[GIVEN ENTRIES — start]

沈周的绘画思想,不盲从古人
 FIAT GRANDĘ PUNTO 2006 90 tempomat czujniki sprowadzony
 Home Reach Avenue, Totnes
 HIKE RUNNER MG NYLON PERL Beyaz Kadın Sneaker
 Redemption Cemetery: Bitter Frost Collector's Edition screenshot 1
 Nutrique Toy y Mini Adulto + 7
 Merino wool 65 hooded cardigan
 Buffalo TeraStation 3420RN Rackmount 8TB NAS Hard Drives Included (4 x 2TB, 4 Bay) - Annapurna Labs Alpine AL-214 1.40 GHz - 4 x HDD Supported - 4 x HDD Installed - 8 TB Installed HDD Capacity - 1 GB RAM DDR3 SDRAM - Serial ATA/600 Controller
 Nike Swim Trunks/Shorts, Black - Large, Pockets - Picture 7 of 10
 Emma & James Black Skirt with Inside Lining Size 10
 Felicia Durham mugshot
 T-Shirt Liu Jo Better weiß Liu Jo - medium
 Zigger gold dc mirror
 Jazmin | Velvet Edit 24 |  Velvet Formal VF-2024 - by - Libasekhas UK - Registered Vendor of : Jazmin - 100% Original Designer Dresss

[GIVEN ENTRIES — finish]

## YOUR OBJECTIVE
The answer must be an exact copy of the lines from the one containing "Buffalo TeraStation 3420RN" through the last line of the records, both included.

## TASK RESPONSE
 Buffalo TeraStation 3420RN Rackmount 8TB NAS Hard Drives Included (4 x 2TB, 4 Bay) - Annapurna Labs Alpine AL-214 1.40 GHz - 4 x HDD Supported - 4 x HDD Installed - 8 TB Installed HDD Capacity - 1 GB RAM DDR3 SDRAM - Serial ATA/600 Controller
 Nike Swim Trunks/Shorts, Black - Large, Pockets - Picture 7 of 10
 Emma & James Black Skirt with Inside Lining Size 10
 Felicia Durham mugshot
 T-Shirt Liu Jo Better weiß Liu Jo - medium
 Zigger gold dc mirror
 Jazmin | Velvet Edit 24 |  Velvet Formal VF-2024 - by - Libasekhas UK - Registered Vendor of : Jazmin - 100% Original Designer Dresss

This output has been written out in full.